“Minimum Wage, Maximum Hypocrisy”

| March 11, 2014

Left, Vermont Independent Senator Bernie Sanders, and right, Massachusetts Democratic Senator Elizabeth Warren; both represent the Senate Democratic caucus’s progressive wing, though exhibit significant differences on the issue of whether or not pay the lowest ranking employees on their respective staffs—their interns.

EDITORIAL – As the minimum wage debate heats up in Washington and as President Obama unveils a new aggressive push for a national minimum wage hike to $10.10 per hour, it’s interesting to see how an already highly polarized and complacent Congress is stacking up behind the debate. What’s even more intriguing is the internal divisions among Capitol Hill offices on the minimum wage issue and how many lawmakers—even the most steadfast of minimum wage crusaders—fail to pay their interns a single cent, let alone the current $7.25 per hour legal minimum.

A recent report from the Employment Policies Institute (EPI) found that 96% of federal legislators who support the recent minimum wage bill fail to pay their interns, a complete list can be found here. Among the most aggressive advocates for a national minimum wage increase are two of the most progressive legislators on Capitol Hill—Vermont Senator Bernie Sanders and Massachusetts Senator Elizabeth Warren.

Bernie Sanders hails from progressive Vermont—the land of maple syrup, Ben and Jerry’s ice cream, New England thrift, scenic fall foliage, and a markedly independent political streak. Elected as an independent to the Senate in 2007 following service in the House of Representatives, Sanders caucuses with the Senate Democrats and employs a firebrand of plainspoken Yankee progressivism on a plethora of national issues. On one occasion Sanders referred to the current minimum wage of $7.25 per hour as ‘Walmart’s starvation wages’ and has not backed down since on his push to raise the nation’s lowest legal wage.
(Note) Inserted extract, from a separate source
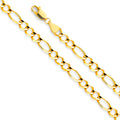 14K Yellow Gold Figaro 3+1 Concave Open Light 5.6mm Chain - CH-0295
According to his official Senate website, his interns are paid; albeit, at a modest rate of $10 per hour (which would still be too low if the proposed $10.10 per hour minimum wage bill went into effect). Though, the Vermont Senator, who recently stated that he’s prepared to be president if the opportunity arose and that he’d make a better chief executive than former Secretary of State Hillary Clinton, practices what he preaches—he pays his interns; he does what little he can do those who are charged to work directly under and for him.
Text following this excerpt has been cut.